Separate J&K Constitution An ‘Aberration’, Sovereignty of India Cannot Be ‘Ill-Defined’: NSA Ajit Doval
Speaking at a book launch event in New Delhi, National Security Adviser Ajit Doval has termed the separate constitution of Jammu and Kashmir an aberration
Ajit Doval says J&K constitution is an aberration. Doval made the comment at a book launch in New Delhi. PIL has been filed in Supreme Court against J&K constitution
With petitions pending in the Supreme Court against Article 35A and Jammu and Kashmir constitution, National Security Adviser Ajit Doval has said that the separate constitution for the state is an "aberration" in the constitutional scheme of the Union of India. He said that the sovereignty of India could never be compromised.
Article 35A gives special power to Jammu and Kashmir Assembly to frame laws giving special privileges to the permanent residents of the state. Jammu and Kashmir adopted a separate constitution in 1956. It is the only state to have a separate constitution.
Doval said that sovereignty "cannot be a diluted and ill-defined". He also said that when the British left, "they probably did not want to leave India as a strong sovereign state."
Ajit Doval was speaking at the launch of a book on Vallabhbhai Patel in New Delhi on Tuesday, September 4. The book launch event was organised at Vivekananda International Foundation (VIF), a think-tank. Doval is one of the founding members of the VIF.

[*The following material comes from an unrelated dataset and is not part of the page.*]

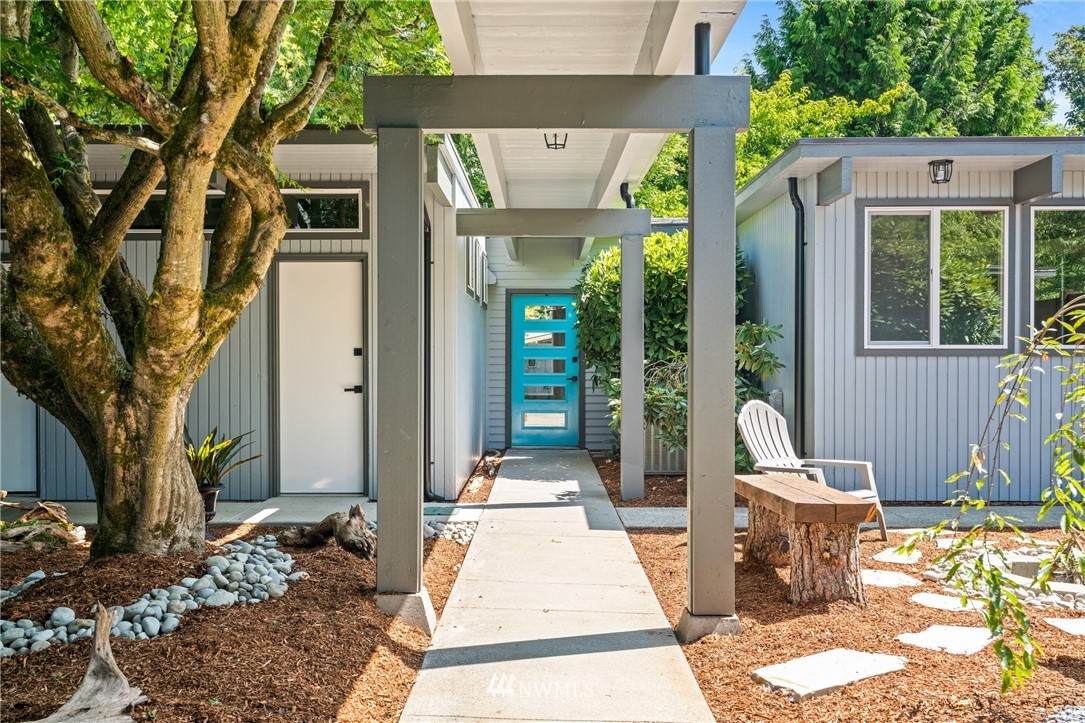 2423 Franklin Street - Photo 1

Praising Sardar Patel, Doval said, "His contribution is not about the merger of the states, it is only a means to an end. The thing was that to make a sovereign state in which there was the sovereignty of the people was established in the Constitution, which is applicable to the whole of it."
"Probably with Jammu and Kashmir, where the Constitution was...in a truncated form...another constitution of J&K continued to exist, which is aberration," Doval said.
"He (Patel) had been able to lay the foundation of a nation-state. And in nation-state, there was one law, one Constitution...Sovereignty can never be divided," Doval said.
Former Intelligence Bureau chief said that the nation building is an "exothermic process" that generates a lot of heat. Unless that heat is generated it is not able to have that melting point in which all the different identities can merge and become one identity, he said.
"Probably the heat was not sufficiently generated during our Independence movement because of the route that was taken. I am not criticising that...the non-violence was the route in which the cost of Independence was not really understood by our people," Doval said.
There is a separate PIL in the Supreme Court seeking abrogation of the separate constitution of Jammu and Kashmir.